GKE Autopilot is here, but not for everyone, for now...

4 min readMar 1, 2021

GKE Autopilot is GA! That means less stress for me as an SRE guy who's taking care of the cluster, better SLA for the applications and clients, etc. but it has its own dark side as well I will describe some of it here.

What is GKE Autopilot?

Autopilot is a new mode of operation for creating and managing Kubernetes clusters in Google Kubernetes Engine (GKE). In this mode, GKE configures and manages the underlying infrastructure, including nodes and node pools enabling users to only focus on the target workloads and pay per pod resource requests (CPU, memory, and ephemeral storage). In addition to GKE’s SLA on hosts and the control plane, Autopilot also includes an SLA on Pods.

From a developer’s perspective, nothing really changes here, but this new mode does free up teams to focus on the actual workloads and less on managing Kubernetes clusters. With Autopilot, users still get the benefits of Kubernetes, but without all of the routine management and maintenance related to the cluster and resources.

First bad news for us

Allowed resource ranges: Pod vCPU are available in increments of 0.25 vCPU. In addition to the minimum values, the CPU: memory ratio must be in the range of 1:1 to 1:6.5. Resources outside of the allowable ratio ranges will be scaled up. Why this is bad for us? Our smallest services require just 50 mCPU and 64 MiB of memory and they usually boost to limits around 200 mCPU and 128 MiB of memory that means a lot of services will be overscaled just because of this limitation. Another case is the limit of 10 Gib of storage as one client is sharing with us 150 GiB zip files we usually download to disk, unzip, and process, we can overcome that but the point is that it is not just lift & shift from GKE Standard to Autopilot.

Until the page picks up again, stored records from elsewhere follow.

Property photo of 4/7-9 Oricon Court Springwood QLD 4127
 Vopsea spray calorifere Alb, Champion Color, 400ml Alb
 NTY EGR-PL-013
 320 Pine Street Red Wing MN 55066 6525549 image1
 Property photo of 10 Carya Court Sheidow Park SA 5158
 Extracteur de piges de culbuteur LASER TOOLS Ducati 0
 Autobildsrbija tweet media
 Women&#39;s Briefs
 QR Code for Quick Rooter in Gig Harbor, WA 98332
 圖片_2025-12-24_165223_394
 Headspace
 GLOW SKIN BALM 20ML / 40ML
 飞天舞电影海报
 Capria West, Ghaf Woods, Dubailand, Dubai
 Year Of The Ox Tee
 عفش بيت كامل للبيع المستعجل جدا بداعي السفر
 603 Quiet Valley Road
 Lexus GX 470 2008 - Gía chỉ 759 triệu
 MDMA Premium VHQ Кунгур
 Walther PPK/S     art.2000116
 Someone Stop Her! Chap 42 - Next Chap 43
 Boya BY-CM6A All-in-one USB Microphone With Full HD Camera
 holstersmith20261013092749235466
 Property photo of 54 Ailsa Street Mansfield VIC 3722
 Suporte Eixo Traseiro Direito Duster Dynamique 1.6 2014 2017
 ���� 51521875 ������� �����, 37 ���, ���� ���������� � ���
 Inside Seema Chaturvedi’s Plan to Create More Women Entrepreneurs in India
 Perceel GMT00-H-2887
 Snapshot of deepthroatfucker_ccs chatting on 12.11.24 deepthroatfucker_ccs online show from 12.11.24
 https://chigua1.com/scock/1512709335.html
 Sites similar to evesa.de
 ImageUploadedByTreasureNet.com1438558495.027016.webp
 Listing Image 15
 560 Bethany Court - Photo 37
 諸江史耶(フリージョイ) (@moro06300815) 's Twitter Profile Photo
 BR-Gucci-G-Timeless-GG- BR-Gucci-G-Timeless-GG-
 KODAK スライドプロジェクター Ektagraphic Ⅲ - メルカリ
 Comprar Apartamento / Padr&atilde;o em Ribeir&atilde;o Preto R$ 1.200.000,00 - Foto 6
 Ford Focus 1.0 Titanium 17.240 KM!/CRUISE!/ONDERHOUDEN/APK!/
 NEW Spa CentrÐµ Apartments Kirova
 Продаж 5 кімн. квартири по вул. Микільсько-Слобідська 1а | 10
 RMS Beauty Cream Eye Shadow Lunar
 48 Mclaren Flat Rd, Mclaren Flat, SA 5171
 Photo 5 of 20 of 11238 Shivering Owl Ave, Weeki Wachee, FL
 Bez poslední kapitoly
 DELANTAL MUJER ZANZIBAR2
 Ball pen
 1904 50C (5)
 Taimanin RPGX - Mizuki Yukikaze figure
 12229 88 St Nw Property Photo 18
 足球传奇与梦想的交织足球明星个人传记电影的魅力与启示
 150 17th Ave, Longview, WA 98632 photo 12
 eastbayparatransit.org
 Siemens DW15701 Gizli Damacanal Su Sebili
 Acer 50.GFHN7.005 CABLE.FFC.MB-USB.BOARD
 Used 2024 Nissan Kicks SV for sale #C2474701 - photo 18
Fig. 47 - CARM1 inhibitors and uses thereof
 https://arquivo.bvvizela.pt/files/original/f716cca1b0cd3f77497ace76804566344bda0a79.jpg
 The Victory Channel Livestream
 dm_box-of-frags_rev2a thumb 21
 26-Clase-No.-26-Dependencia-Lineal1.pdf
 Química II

No privileged PODs and customizations on HOSTs

That's a real blocker for now. We do need to run an application using SMB mount and to do so we need to update the hosts or run POD in privileged mode. Again we can overcome that by migrating this custom application to VM or keep GKE standard but none of them looks nice to me as I want to minimize the operations.

No preemptible nodes

As now Autopilot does not support preemptible nodes what would mean for us a huge increase in the price of all our non-production workloads which are made of preemptible node-pools to save costs. I do believe this feature will be added soon.

Limits vs VPA/HPA

On our non-production clusters, we do leverage the K8s Requests and Limits. We're using low requests mostly 100 mCPU and 128 MiB memory and if needed the app has higher limits to peak up to 500 mCPU and 256 MiB memory to process whatever is needed and there is no need to scale up, it just uses the free resources on the node. This way we have tens of containers on a single node and even like that the node is underutilized as those applications are processing the requests just when QA or Developers are using it. For this use-case, the VPA or HPA is just too slow and having over-provisioned resources does not make sense again, maybe I will reconsider it once Autopilot will support preemptible just to lower the OPS work for a bit bigger price.

Security

Overall the level of security with Autopilot should be better than in case you would manage your own GKE but we're missing the implementation CMEK because of regulations for the healthcare and fintech sector. I want to dig into this topic deeper later on and see the comparison with Cloud Functions and Cloud Run.

Optimize to save $$$

As autopilot is "pay as you go" the best thing you can do is set up proper monitoring whatever it's Datadog integration or Google Monitoring and look for underutilized pods.

Leverage the HPA and VPA as much as possible to lower the base running costs!

Autopilot vs Cloud Run

Google Cloud with its Cloud Run already enabled users to create containerized applications in managed serverless fashion and offered an alternative to AWS-Fargate or Azure Container Instances. CloudRun still has its place in the universe because you don't need to pay for the Control Plane of GKE Autopilot when the application is scaled to 0 and the simplicity of usage and level of integration to the event-driven ecosystem of GCP is much better and simpler for now that on GKE Autopilot.

Single API everywhere!

The biggest advantage of Autopilot is that it enables users to use Kubernetes as a container orchestrator with standardized API to deploy applications and it's a managed platform that adopts pay per use model.
With Autopilot you don't need to worry about any other extra configuration and also adds concrete automation for handling auto-scaling, auto-upgrades, and other Day-2 operations.

I love to see the progress and the way K8s is heading and I'm with it. From first self-managed clusters on bare-metal, where it was better to re-create the cluster than perform an upgrade to Google Cloud and GKE where after some tuning it just worked to fully managed platform. And still using the same API and YAML files I used years ago just with few changes and keeping the same concepts.

I will be closely watching new releases and support of more workloads like Istio and do some long-run tests to determine financial benefits/downsides.
Wait for it…